▸ Task objective
Your output should be the lines from the one containing "Regal 45° Angle" through the end of the listing, exact and inclusive, with no pictures.

▸ Supplied information
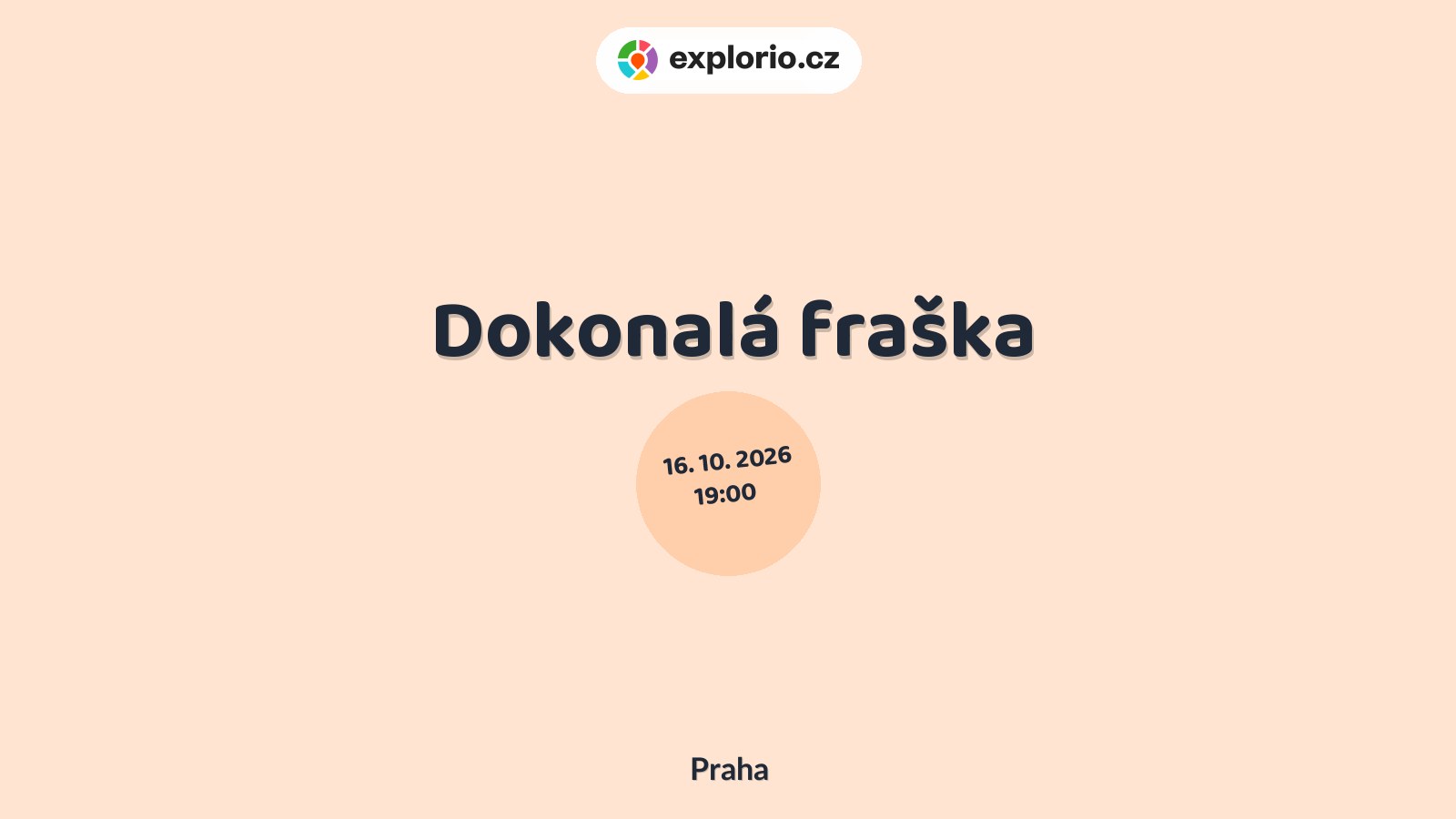 Dokonalá fraška – divadlo, Hudba a Kino, Praha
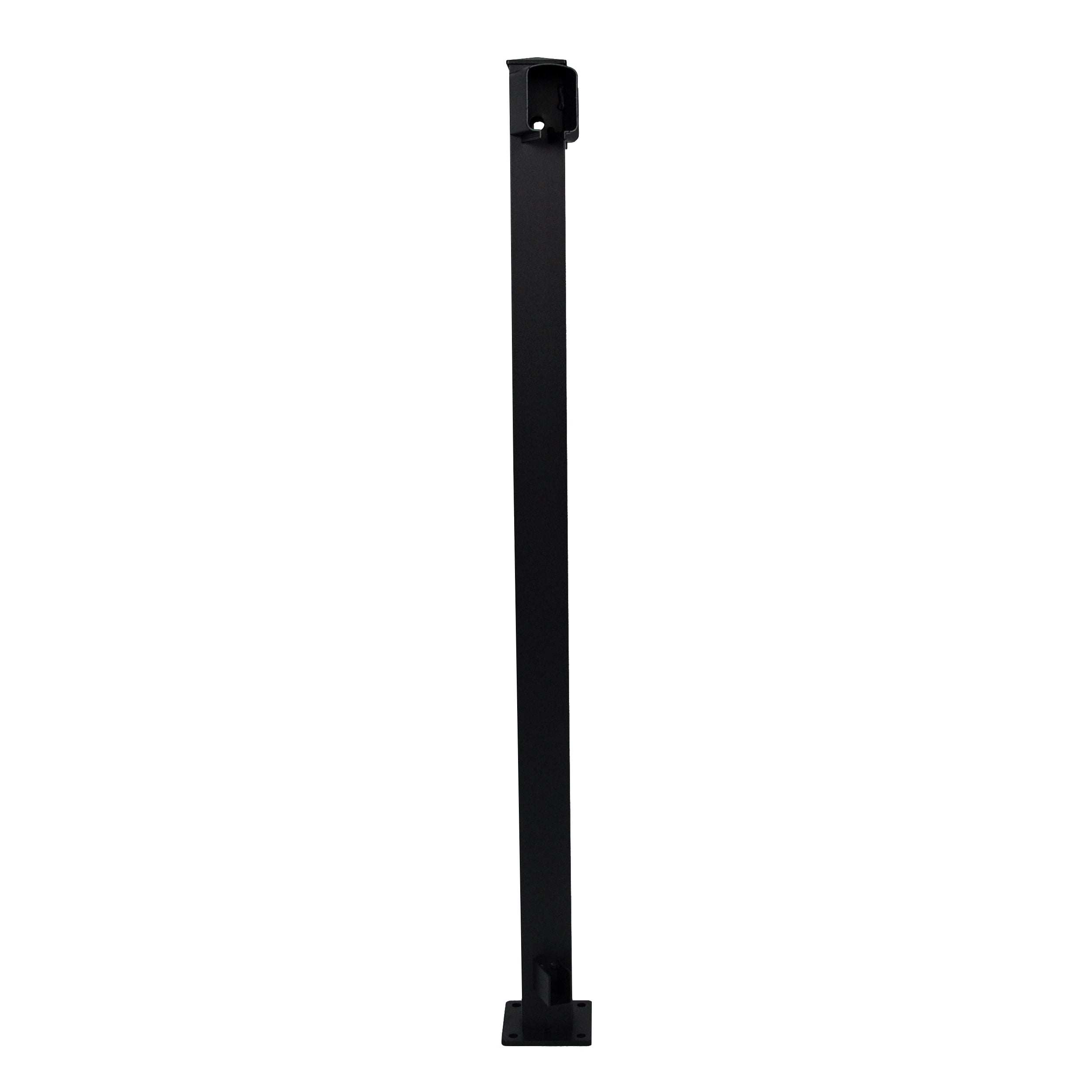Regal 45° Angle Post, Textured Black (For 42" Height)
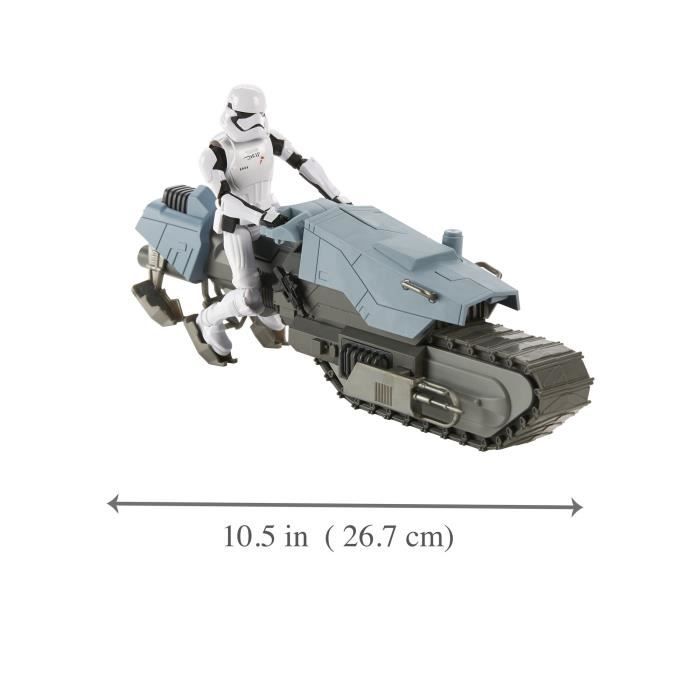 Figurine stormtrooper 12 cm et véhicule épisode 9 - hasbro - galaxy of adventures - extérieur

▸ Task response
Regal 45° Angle Post, Textured Black (For 42" Height)
 Figurine stormtrooper 12 cm et véhicule épisode 9 - hasbro - galaxy of adventures - extérieur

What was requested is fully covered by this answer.